Stored items:

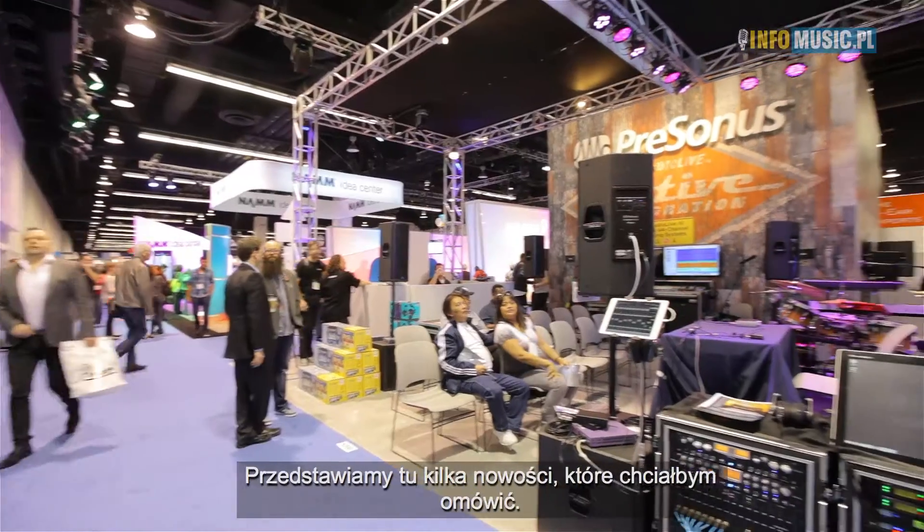Hi, I'm Ray Tanzan, product manager at Personas. We're here at our booth at NAMM 2015. We've got a couple of new things we'd like to talk about.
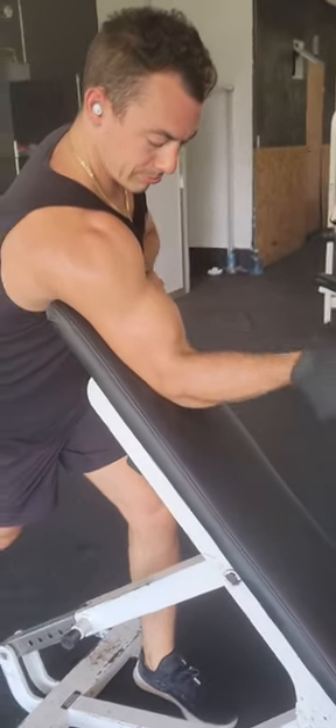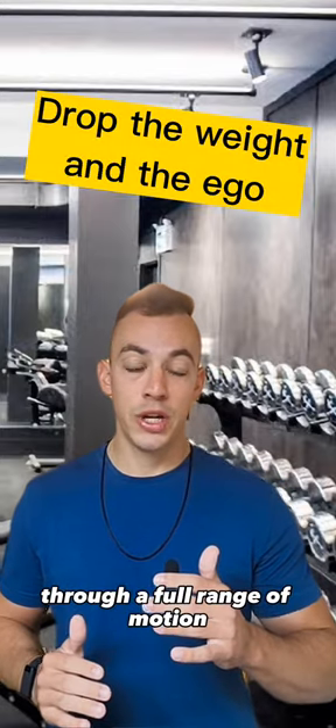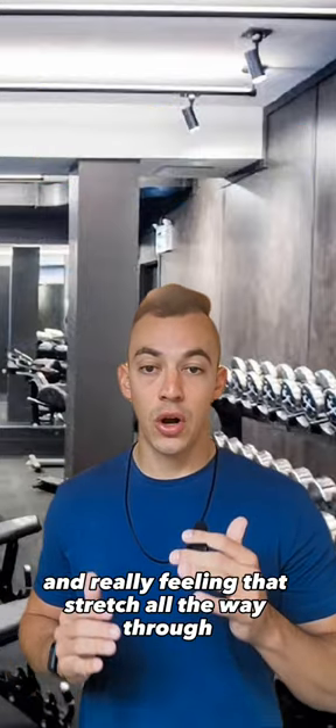The most important thing is that you're maintaining contraction through a full range of motion and really feeling that stretch all the way through.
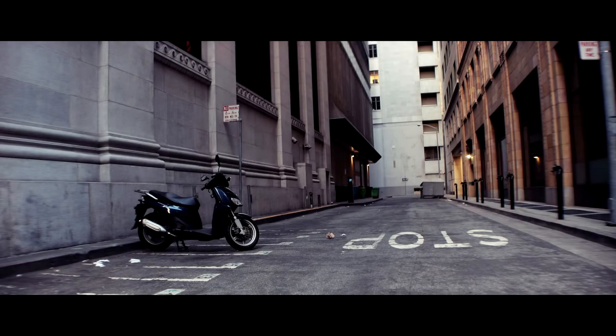I'm often drawn to alleyways and places in between buildings — I just think they're interesting; they feel like corridors to other places. Sometimes they feel very narrative, like this one where the scooter is framed left, almost like an establishing shot where you'd cut to a scene inside the restaurant. When I walk around, I'm always shooting alleys — I don't know why, but I like them.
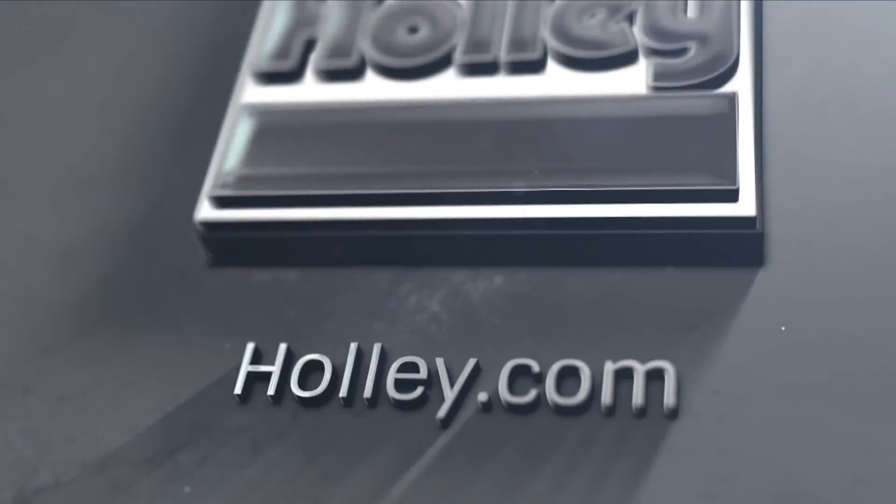Thanks for watching. For more information on any of our Dual Sync Distributors, visit our website at Holley.com.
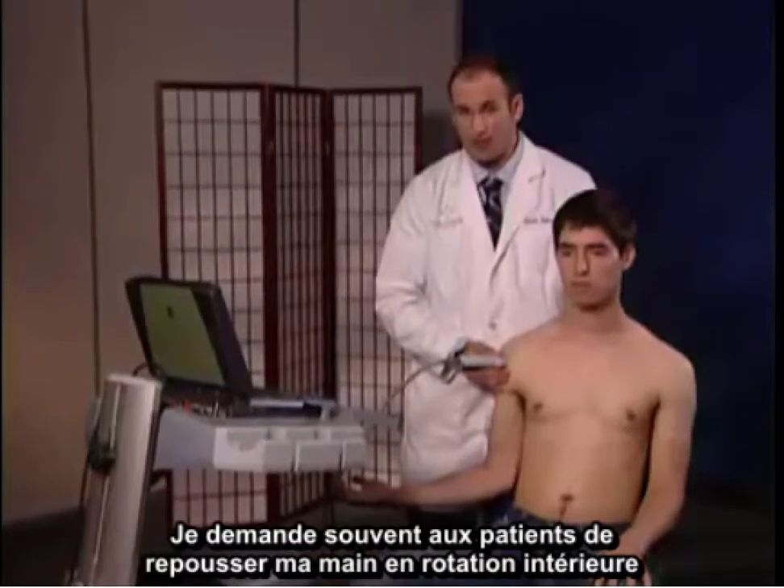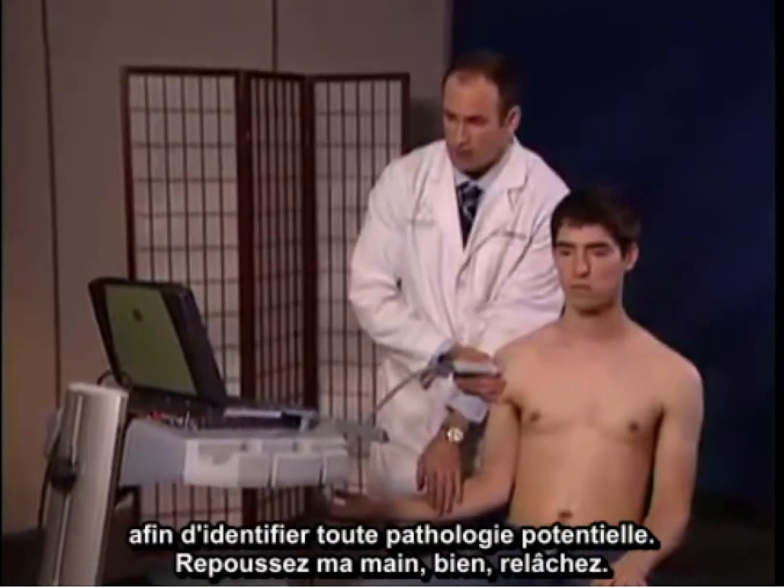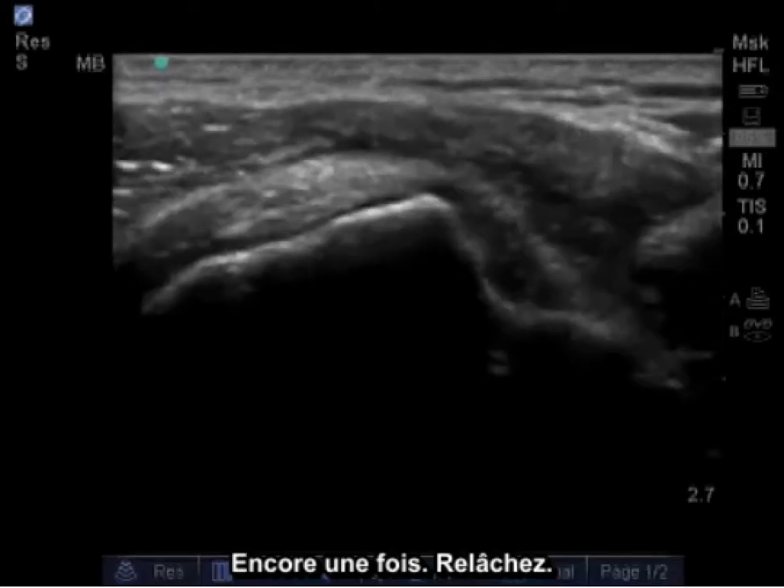Oftentimes, I'll have the patient resist against my hand in internal rotation to detect any pathology. I'm going to push against my hand. Good. Relax. And again. Relax.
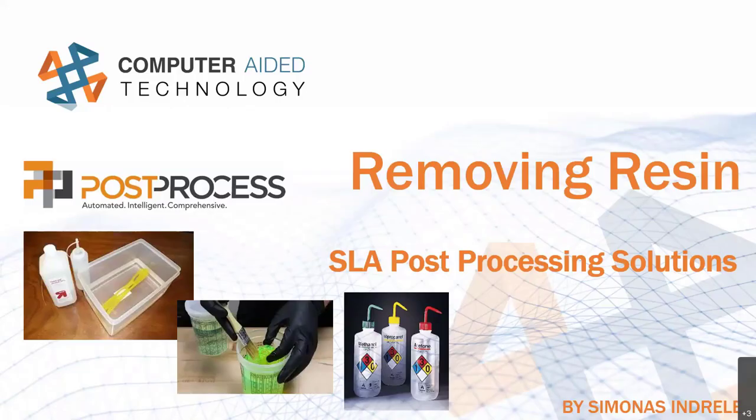Hello and welcome. My name is Simon Andrelli. I'm a manufacturing solutions application engineer at CATI. Today we'll talk resin removal.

# EXERCISE BRIEF
From the line containing "I'm often drawn" through the last line of the records above, reproduce every line exactly, leaving out the pictures.

# WRITTEN ANSWER
I'm often drawn to alleyways and places in between buildings — I just think they're interesting; they feel like corridors to other places. Sometimes they feel very narrative, like this one where the scooter is framed left, almost like an establishing shot where you'd cut to a scene inside the restaurant. When I walk around, I'm always shooting alleys — I don't know why, but I like them.
Thanks for watching. For more information on any of our Dual Sync Distributors, visit our website at Holley.com.
Oftentimes, I'll have the patient resist against my hand in internal rotation to detect any pathology. I'm going to push against my hand. Good. Relax. And again. Relax.
Hello and welcome. My name is Simon Andrelli. I'm a manufacturing solutions application engineer at CATI. Today we'll talk resin removal.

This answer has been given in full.